Each node has it's own storage, nodes are 32 core with 32 GB memory (don't ask me why it is configured this way). The storage at each node is a read only copy when the node is secondary. Until today I was told that it was shared storage. ... He then explained that it does have it's own storage at each site but it is not active on the secondary node. Blocks of data are replicated between the primary and secondary nodes.

This is block replicated storage and we have no idea how or what is doing it. It could be done through software, it could be done through hardware, it could be a combination of both.

I spoke with the sys admin about it because the quorum has a file share witness not a disk witness.

There is nothing wrong with having a FSW. It's also the most common witness type.



Now to methodology:

What's happening is that the host is failing over (unclear as to why), the most likely culprit is heartbeat timeout.

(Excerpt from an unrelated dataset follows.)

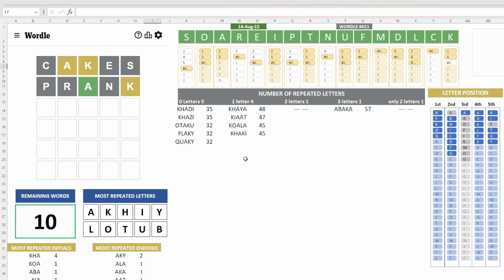We have 10 remaining words, but from the one that I see, I think there's two chances, Flaky and Koala. So both have the letter L in them. And we have not used the letter O yet. So we've only used A and E.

The cluster logs will tell you why. Generate and go through the cluster log to understand why the failover took place. If, for example, the root cause was failed heartbeats then it would require extra packet logging on each node to understand why the heartbeats were failing.

When the nodes fail over SQL Logs that it was sent a shutdown command.

Yes, so you know the time this was given in the SQL Server errorlog. Thus, the issue had to happen before this in the Cluster Log. This should start your timeline of events which will ultimately lead to the overall time it took for SQL Server to come up.

Sometimes the second (SQL) node comes up within a minute or so.

We need you to define, "comes up".

It's ambiguous whether you mean that the SQL Server service was attempted to be started by the cluster or the database you want to be online and accessible for user queries is online and accessible. I don't know to which you are referring.

In either case, if it's the cluster to bring the SQL Server resource online (service) then that is all in the cluster log of the node that now owns the resource group. It should be trivial to find an online call to the resource as you can quickly search for the name in the log. If it's for the database to be accessible, then you can look at the SQL Server errorlog and see how long it took for the startup messages and the recovery messages. Both should be trivial and can be added to your timeline of events and times.

Other times it takes an hour for SQL Server to come online on the secondary node. On the OS Side the failover is quick, it's just SQL Server that takes and hour.

Again, I'm unsure what you mean by the "OS Side". The call to online the resource is successful and SQL Server starts up but the database isn't accessible or the resource group moves over but the resources aren't started in a timely manner?

I have not found any logs which indicate anything like this though.

AFAIK there is no log that says why a database took a long time to start up. You need to create a timeline of events and extract the data from the multiple sources to build said timeline. Then you can piece together what happened and about how much time each step takes. You can focus in on the long steps and break them down into their individual pieces.

For example, when I do an RCA for these events I start with:

  1. When did the originating issue occur and what was it?
  2. When was SQL Server affected and how did it affect it? Let's assume, there was a failover.
  3. When did the failover occur on the previous owning node?
  4. when did the resource group move over to the next owning node (if not that last one to own it)?
  5. When was the call to online the SQL Server resource first successful and were there any unsuccessful attempts before that?
  6. When did SQL Server log it started the service?
  7. What order were the databases started and at what time?
  8. When did each database finish the recovery phases and how long did that take?
  9. When was the first successful user connection?
  10. Were there any other notable errors, warnings, or informational messages in the logs?

Once you have that overall timeline you can find the pieces that took the longest and investigate further from there.